*** PROVIDED DATA ***

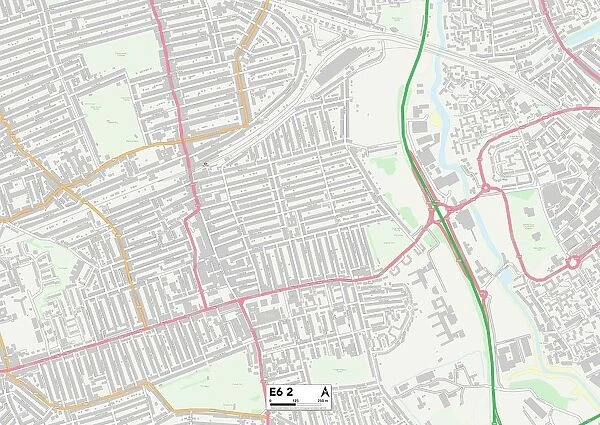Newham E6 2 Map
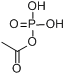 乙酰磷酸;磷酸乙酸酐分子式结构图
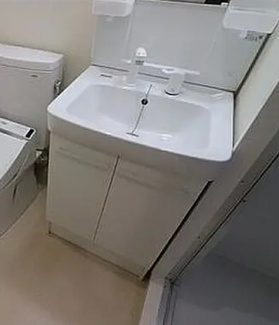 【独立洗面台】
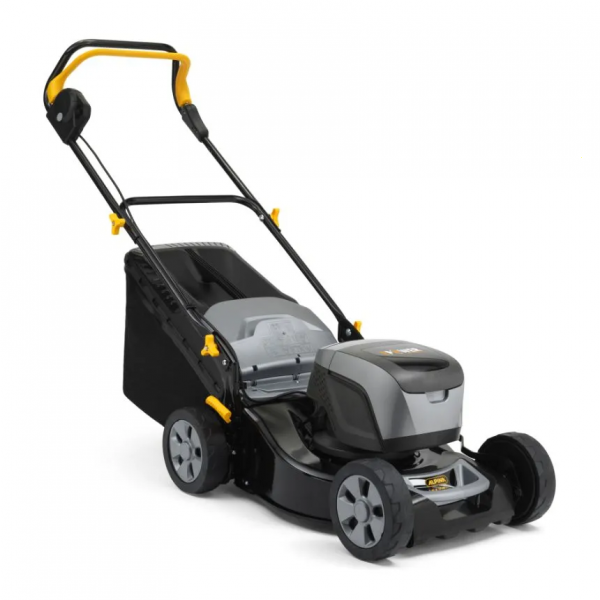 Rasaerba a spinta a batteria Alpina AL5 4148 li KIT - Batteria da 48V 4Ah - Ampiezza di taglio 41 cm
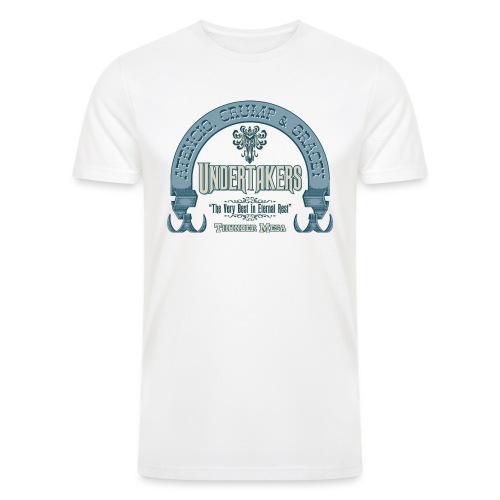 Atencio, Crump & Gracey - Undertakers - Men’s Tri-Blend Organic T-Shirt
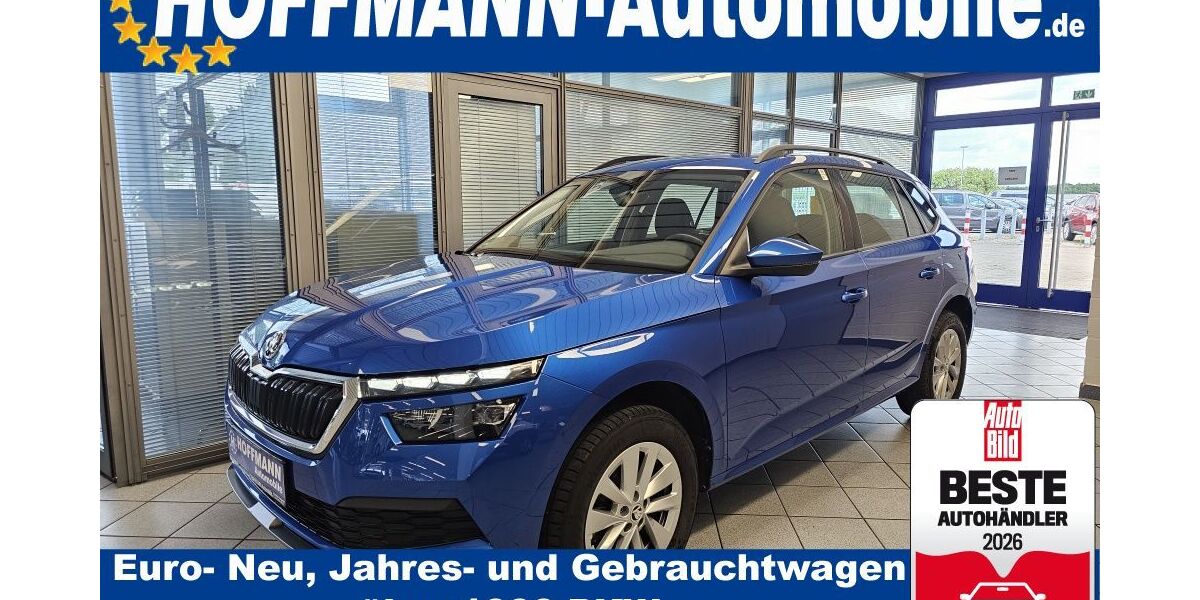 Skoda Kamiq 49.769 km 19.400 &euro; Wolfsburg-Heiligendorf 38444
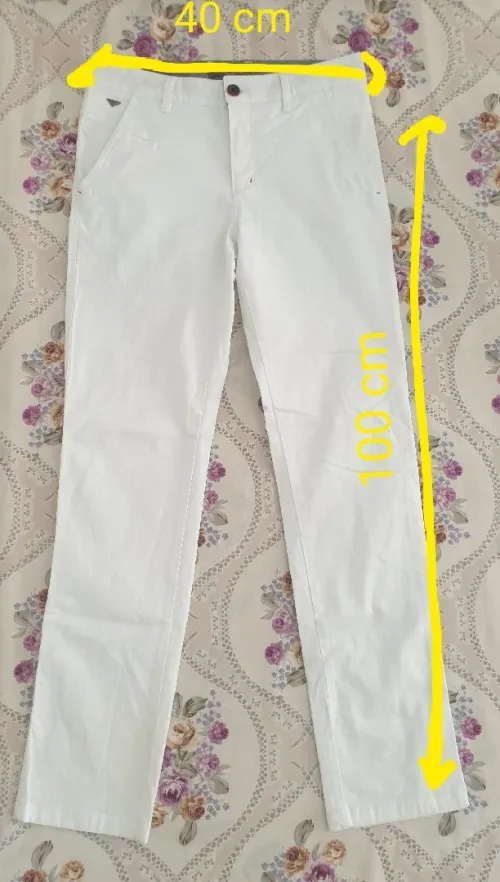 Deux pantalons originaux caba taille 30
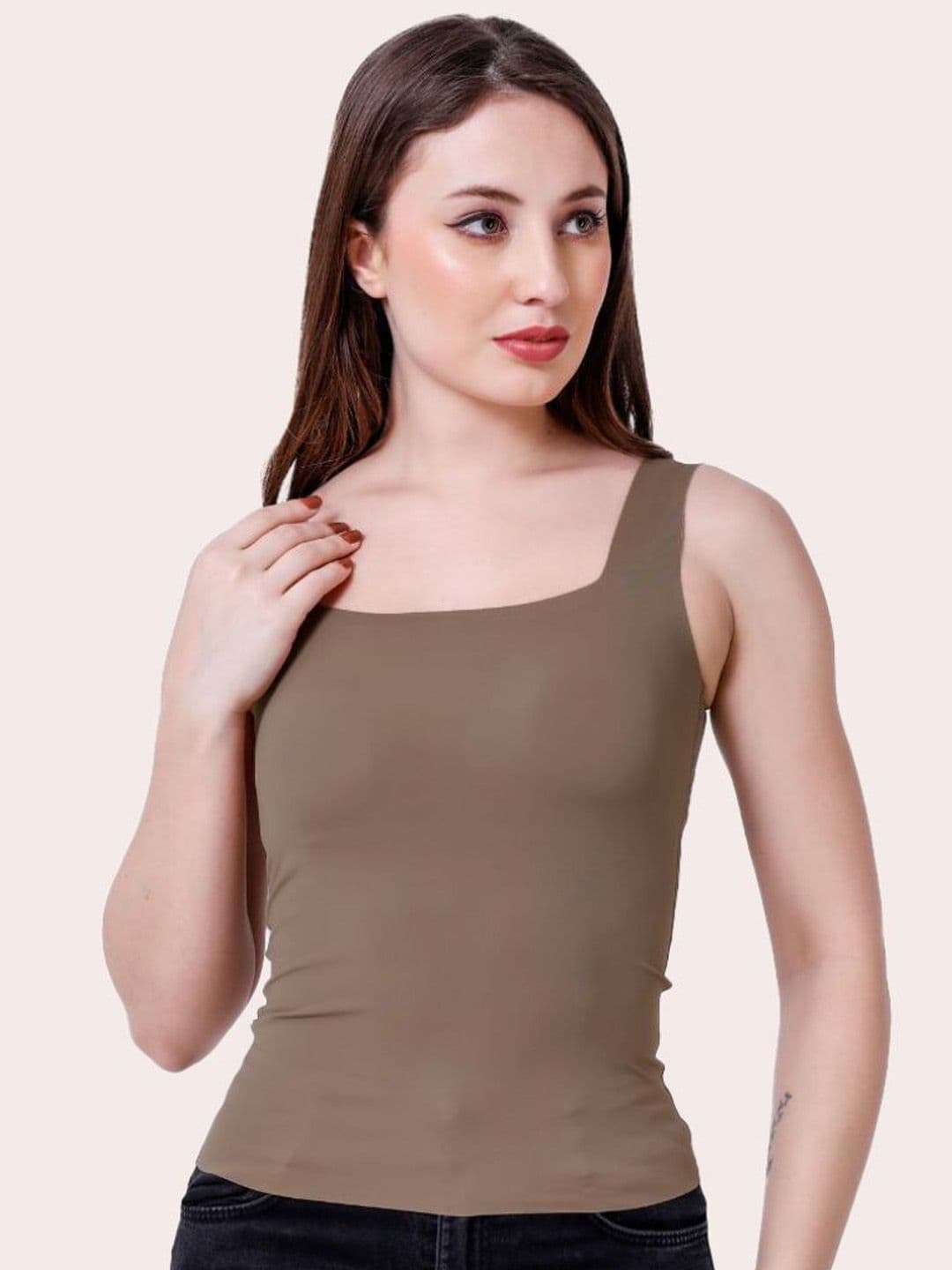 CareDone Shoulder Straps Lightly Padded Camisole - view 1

*** End of PROVIDED DATA ***
*** PROVIDED DATA ***

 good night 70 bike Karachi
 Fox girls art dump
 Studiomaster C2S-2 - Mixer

*** End of PROVIDED DATA ***

◆ WORK INSTRUCTION ◆
Look above for the line holding "Rasaerba a spinta" and output everything from it down to the line holding "CareDone Shoulder Straps", both ends included, exactly and without images.

◆ WRITTEN SOLUTION ◆
 Rasaerba a spinta a batteria Alpina AL5 4148 li KIT - Batteria da 48V 4Ah - Ampiezza di taglio 41 cm
 Atencio, Crump & Gracey - Undertakers - Men’s Tri-Blend Organic T-Shirt
 Skoda Kamiq 49.769 km 19.400 &euro; Wolfsburg-Heiligendorf 38444
 Deux pantalons originaux caba taille 30
 CareDone Shoulder Straps Lightly Padded Camisole - view 1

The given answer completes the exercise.